Opportunity cost is the value of the next best alternative foregone.
It is distinct from explicit or ‘out-of-pocket’ costs (accounting costs). Economic decision-making often considers both explicit and implicit (opportunity) costs. For example, the opportunity cost of attending college includes not only tuition and books (explicit costs) but also the income you could have earned if you had worked instead of studying (implicit cost).

68. Which one of the following may lead to movement along the demand curve

Which one of the following may lead to movement along the demand curve of a commodity ?

Change in its price
Change in price of the other commodities
Change in income of the consumer
Change in tastes and preferences of consumers
This question was previously asked in
UPSC CDS-2 – 2021
A movement along the demand curve of a commodity is caused solely by a change in the price of that commodity itself. The demand curve plots the relationship between the price of a good and the quantity demanded, assuming all other factors are held constant (ceteris paribus). When the price changes, there is a movement from one point to another along the same demand curve.
Change in the commodity’s own price causes movement along the demand curve.
Changes in other factors that affect demand, such as consumer income, price of other commodities (substitutes or complements), tastes and preferences, expectations, etc., cause a *shift* in the entire demand curve (either to the left or right).

69. A market, in which there are a large number of firms, homogeneous prod

A market, in which there are a large number of firms, homogeneous product, infinite elasticity of demand for an individual firm and no control over price by firms, is termed as

oligopoly
imperfect competition
monopolistic competition
perfect competition
This question was previously asked in
UPSC CDS-2 – 2020
A market described by a large number of firms, homogeneous product, infinite elasticity of demand for an individual firm, and no control over price by firms is termed as perfect competition.
These characteristics are defining features of a perfectly competitive market structure.
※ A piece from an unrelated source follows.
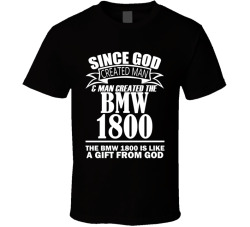 30761821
Firms in perfect competition are price takers because they are so small relative to the market and the product is identical, meaning they cannot influence the market price.
In contrast, oligopoly involves a few firms, monopolistic competition involves many firms but with differentiated products, and imperfect competition is a broader term encompassing market structures that deviate from perfect competition (like monopolistic competition and oligopoly).

70. Normally, there will not be a shift in the demand curve when

Normally, there will not be a shift in the demand curve when

price of a commodity falls
consumers want to buy more at any given price
average income rises
population grows
This question was previously asked in
UPSC CDS-2 – 2020
Normally, there will not be a shift in the demand curve when the price of a commodity falls.
A change in the price of the commodity itself leads to a movement along the existing demand curve (either expansion or contraction of demand).
A shift in the demand curve (either to the left or right) is caused by changes in factors *other than* the price of the commodity. These factors include changes in consumer income, tastes and preferences, prices of related goods (substitutes and complements), population size, and consumer expectations.